One-Step Flow Policy Mirror Descent

Updated 10 December 2025

The paper introduces FPMD, an RL algorithm that leverages flow matching to enable one-step inference, significantly reducing inference latency while improving sample efficiency.
It employs flow-matching parameterizations (FPMD-R and FPMD-M) that use single-step Euler integration to approximate complex, non-Gaussian policies in continuous control environments.
Empirical results on Gym-MuJoCo benchmarks show that FPMD variants match or outperform state-of-the-art methods by reducing network calls and maintaining competitive inference speeds.

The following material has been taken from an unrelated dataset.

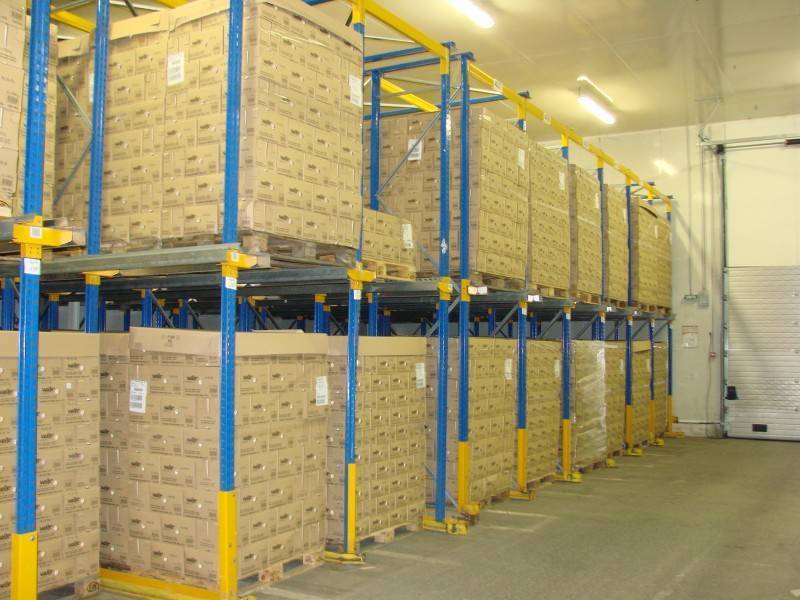 Rack par accumulation simple entrée – Équipement de stockage - Image 1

One-Step Flow Policy Mirror Descent (FPMD) is an online reinforcement learning (RL) algorithm developed to enable highly efficient, single-step policy inference for expressive policy classes, notably in continuous control environments. FPMD bridges the expressive power of diffusion-based models and the real-time responsiveness characteristic of classical RL policies, achieving single-step sampling via flow-matching parameterizations. This approach builds on policy mirror descent (PMD) using conditional flow and MeanFlow models and provides theoretical and empirical advantages in terms of inference latency, sample efficiency, and convergence properties (Chen et al., 31 Jul 2025, Alfano et al., 2023).

1. Problem Setting and Motivating Context

FPMD operates in the standard discounted Markov Decision Process (MDP) framework:

State-space: $\mathcal{S}$
Continuous action-space: $\mathcal{A} \subseteq \mathbb{R}^d$
Transition kernel: $P(s'|s,a)$
Reward function: $r:\mathcal{S} \times \mathcal{A} \to \mathbb{R}$
Discount factor: $\gamma \in (0,1)$
Initial state distribution: $\mu_0$

The objective is to maximize the expected discounted return: $\rho(\pi) = \mathbb{E}\left[\sum_{t=0}^\infty \gamma^t r(s_t, a_t)\right], \quad a_t \sim \pi(\cdot|s_t),\ s_{t+1} \sim P(\cdot|s_t,a_t)$ where $\pi(a|s)\in\Delta(\mathcal{A})$ is the (possibly non-Gaussian) stochastic policy.

Contemporary diffusion-policy methods learn highly expressive representations by reversing a forward noising process via a diffusion model. At inference, these typically require many iterative steps (number of function evaluations, NFE), resulting in sampling latencies ( $K \sim 20$ –$640$) that are prohibitive for real-time control. By contrast, classical Gaussian actors allow single-step inference but lack representational power for complex action spaces (Chen et al., 31 Jul 2025).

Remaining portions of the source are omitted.